Specialties Cell Biology
Physiology
Science

Date 2013 Aug 1

PMID 23901139

Citations 18

Authors

Baran A Ersoy

Akansha Tarun

Katharine DAquino

Nancy J Hancer

Chinweike Ukomadu

Morris F White

Thomas Michel

Brendan D Manning

David E Cohen

Affiliations

Soon will be listed here.

Abstract

Phosphatidylcholine transfer protein (PC-TP) is a phospholipid-binding protein that is enriched in liver and that interacts with thioesterase superfamily member 2 (THEM2). Mice lacking either protein exhibit improved hepatic glucose homeostasis and are resistant to diet-induced diabetes. Insulin receptor substrate 2 (IRS2) and mammalian target of rapamycin complex 1 (mTORC1) are key effectors of insulin signaling, which is attenuated in diabetes. We found that PC-TP inhibited IRS2, as evidenced by insulin-independent IRS2 activation after knockdown, genetic ablation, or chemical inhibition of PC-TP. In addition, IRS2 was activated after knockdown of THEM2, providing support for a role for the interaction of PC-TP with THEM2 in suppressing insulin signaling.
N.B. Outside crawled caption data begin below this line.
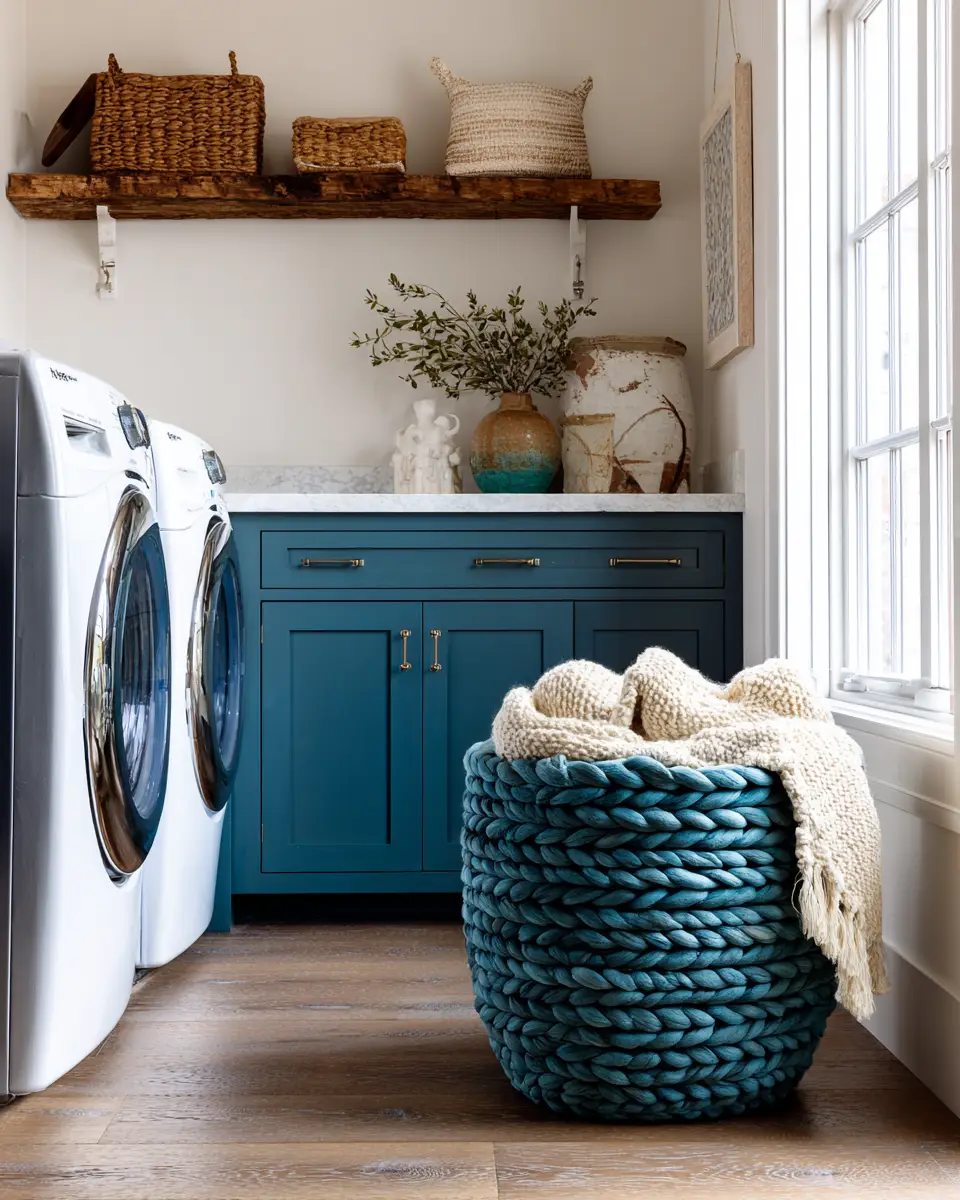 Blue Eclectic Laundry Room Decor Ideas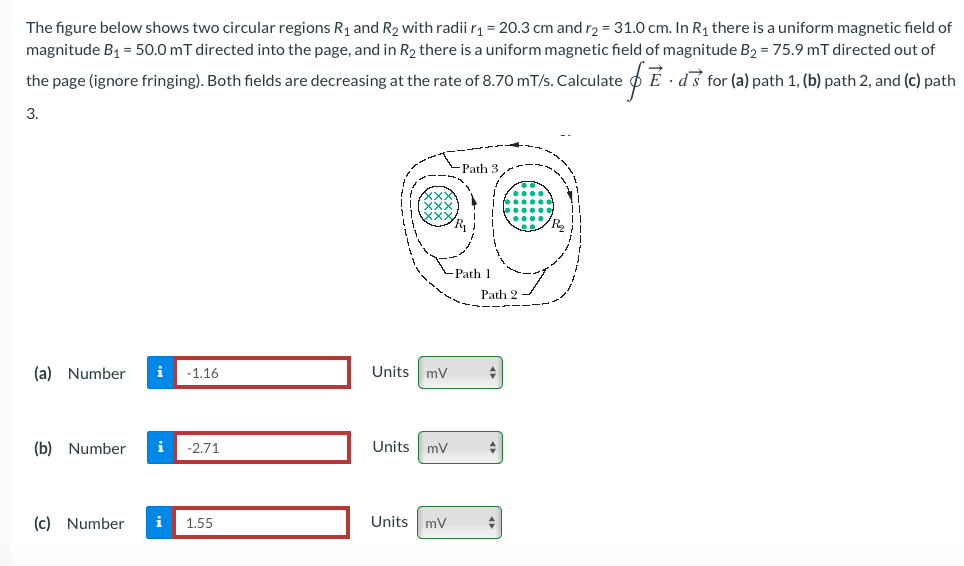 The Figure Below Shows Two Circular Regions R And R With Radii R 20 3 Cm And R 31 0 Cm In R There Is A Uniform 1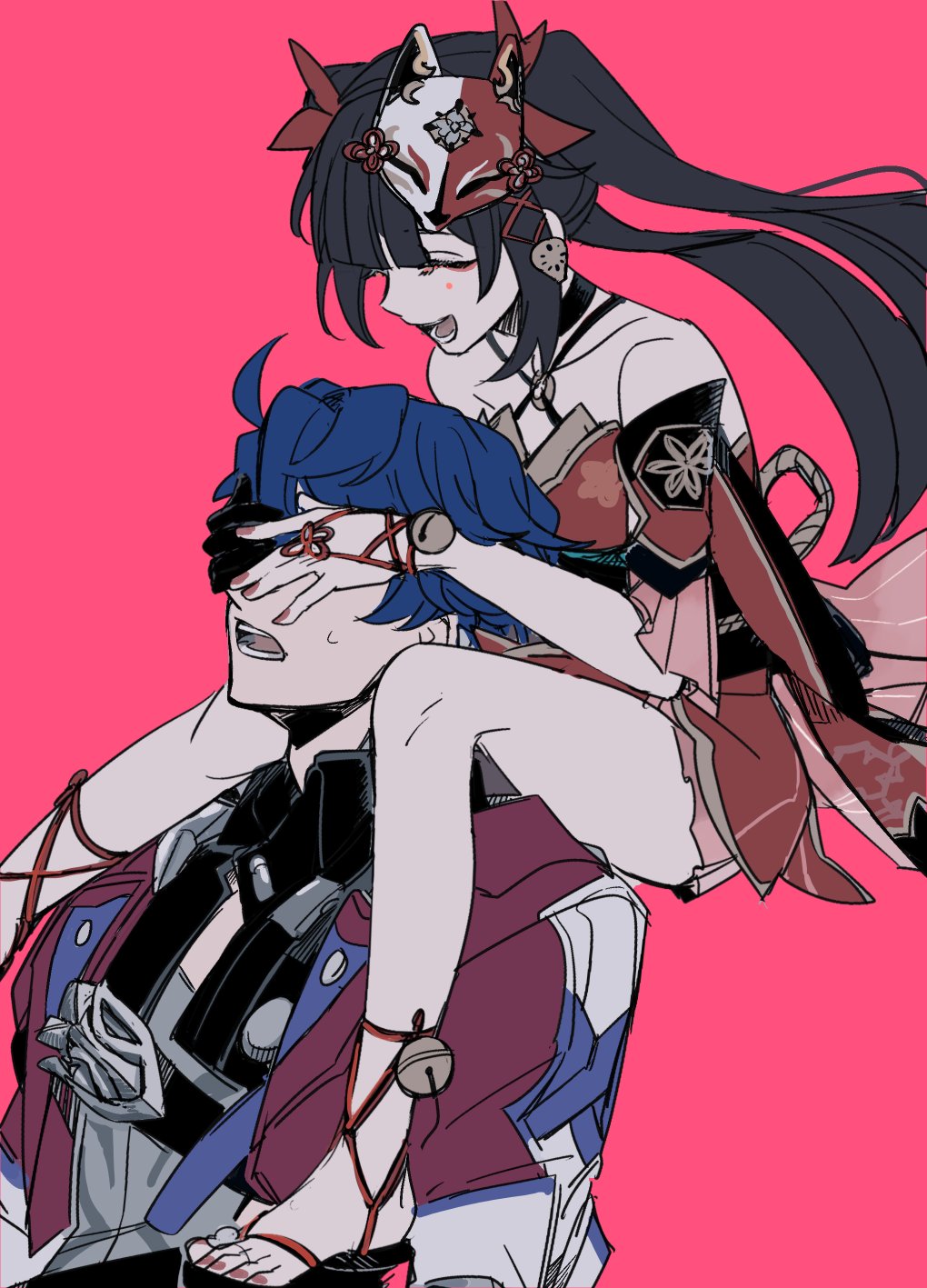 1boy, 1girl, :d, ahoge, bare_legs, bare_shoulders, between_legs, blue_hair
Additionally, we showed that PC-TP bound to tuberous sclerosis complex 2 (TSC2) and stabilized the components of the TSC1-TSC2 complex, which functions to inhibit mTORC1. Preventing phosphatidylcholine from binding to PC-TP disrupted interactions of PC-TP with THEM2 and TSC2, and disruption of the PC-TP-THEM2 complex was associated with increased activation of both IRS2 and mTORC1. In livers of mice with genetic ablation of PC-TP or that had been treated with a PC-TP inhibitor, steady-state amounts of IRS2 were increased, whereas those of TSC2 were decreased. These findings reveal a phospholipid-dependent mechanism that suppresses insulin signaling downstream of its receptor.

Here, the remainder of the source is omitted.